P2P Operators On Guard For Child Porn

With the U.S. Supreme Court gearing to rule on whether Grokster and other peer-to-peer networks should be responsible for their users' activities, the P2P networks are in a growing quandary: trying to help bag child-porn distributors while maintaining their own status as unknowing conduits for, not active partners in, copyright infringement.

"[Child pornography] will always be something that the right approach is to eliminate it from this channel, whereas the copyright issue is more of a licensing issue," Distributed Computing Industry Association Chief Executive Marty Lafferty told the Dallas Morning News. He was addressing questions as to whether the P2P networks are being hypocritical in sharing child porn information with law enforcement while guarding suspected copyright violators' privacy.

Texas Deputy Attorney General Edward Burbach told the paper Texas and other states don't propose the P2P networks disappear. However, he said, a Supreme Court ruling that P2P networks aren't liable for the content swapped on them would make it harder for law enforcement to chase away child predators.

"We're proposing that in those cases where we've got a transfer of illegal items – copyright, child porn, others – that they recognize they can in fact help us," Burbach told the paper.

Where law enforcement and P2P network makers agree, the Morning News said, is that if child pornographers think P2P networks are no longer anonymous zones, they will "simply move to darker corners of the Internet where they're more difficult to catch."

P2P United Executive Director Adam Eisgrau did not return a query for comment before this story went to press, but he told the Morning News that those who think swapping actual or allegedly copyrighted materials is as serious as swapping child porn "really need to re-evaluate their priorities."

Association of Sites Advocating Child Protection Executive Director Joan Irvine told AVNOnline.com her group knows very well that there are more distribution methods for child porn and other illegal images online than through websites alone.
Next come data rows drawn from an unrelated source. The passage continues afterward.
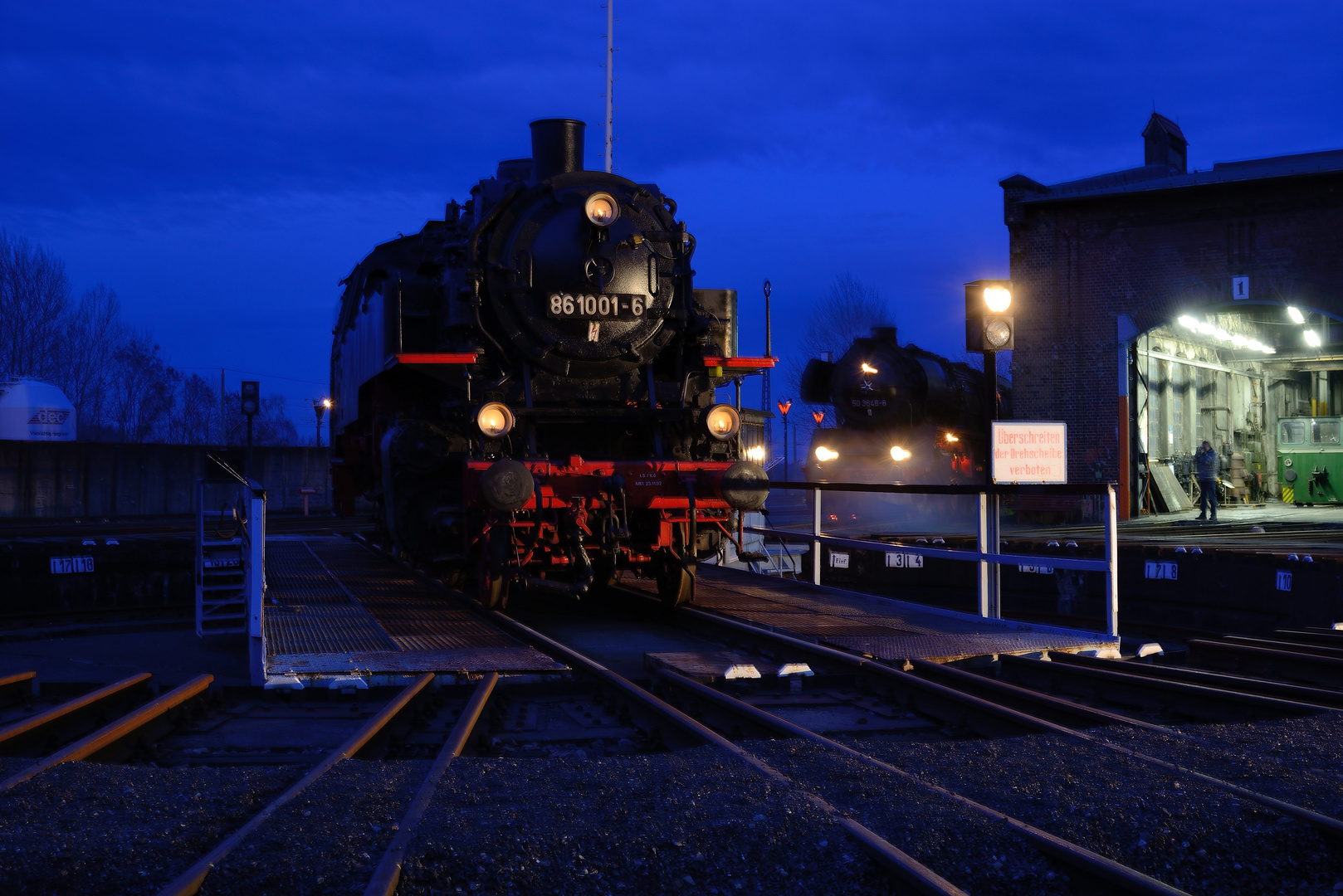 Blaue Stunde in Hilbersdorf ...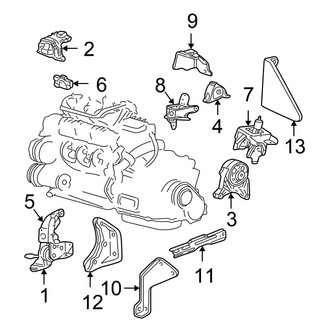 Chrysler OE - Engine / Transaxle - Engine & Transmission Mounting (3.8L)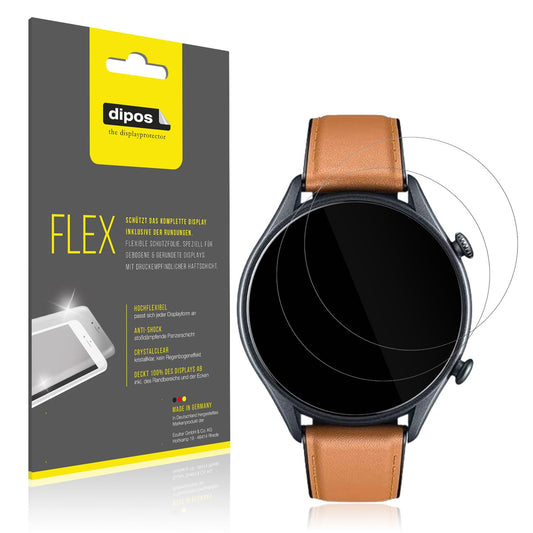 2x 3D Full Cover Schutzfolie für Motsfit Smartwatc (1)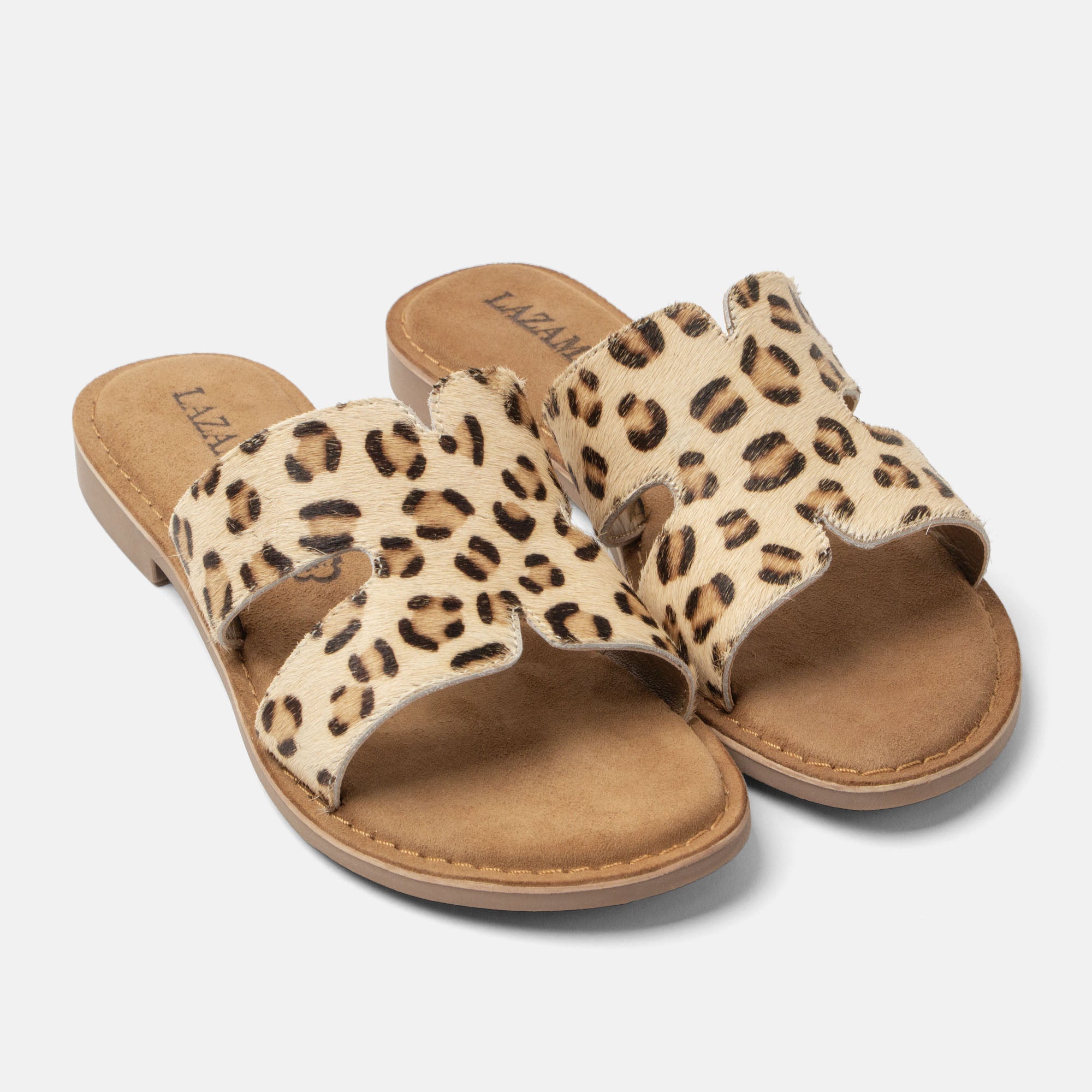 lazamani-lumi-damen-pantoletten-leopard image 2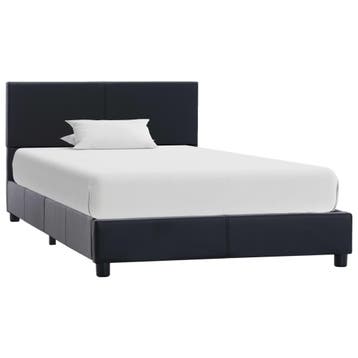 vidaXL Bedframe kunstleer zwart 100x200 cm, Verzenden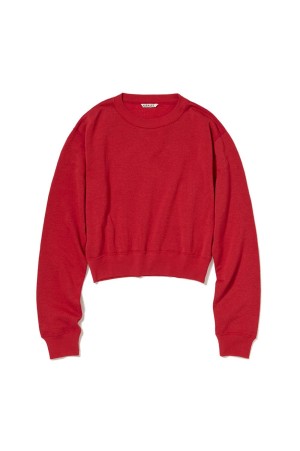 HIGH TWIST LIGHT SWEAT P/O - RED (A26SP05MU)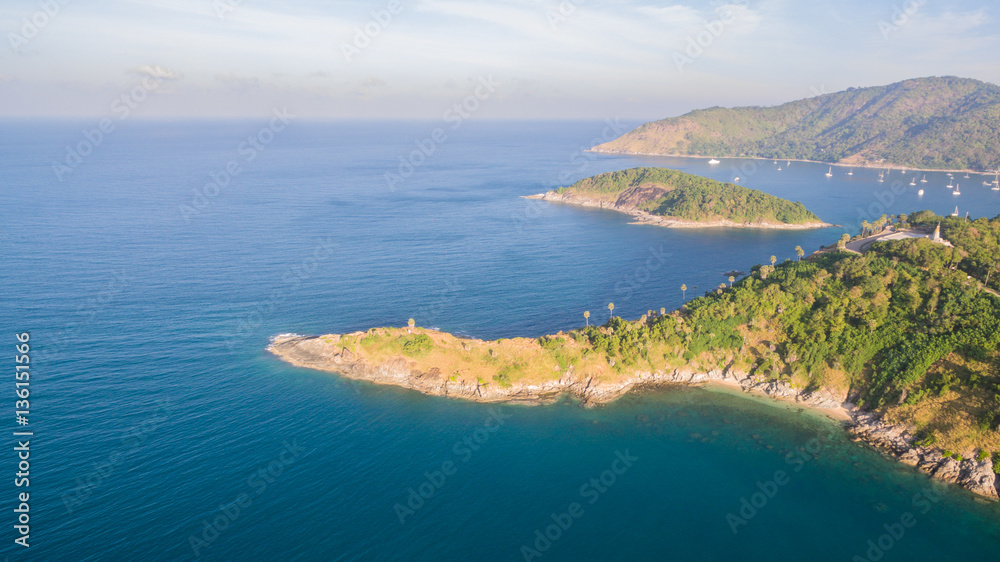 aerial photography around Phomthep cape viewpoint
That, she said, is one reason why her group joined DCIA in developing the CPHotline.org program for P2PPatrol, which is aimed at helping P2P networks rid themselves of child porn.

“We felt it was important to help other associations and industries combat child pornography by sharing our recently developed technology platforms," Irvine said, referring to some of the computer code that now powers CPHotline. "This saved the DCIA years of development and provided an immediate method for P2P customers to report suspected child pornography.”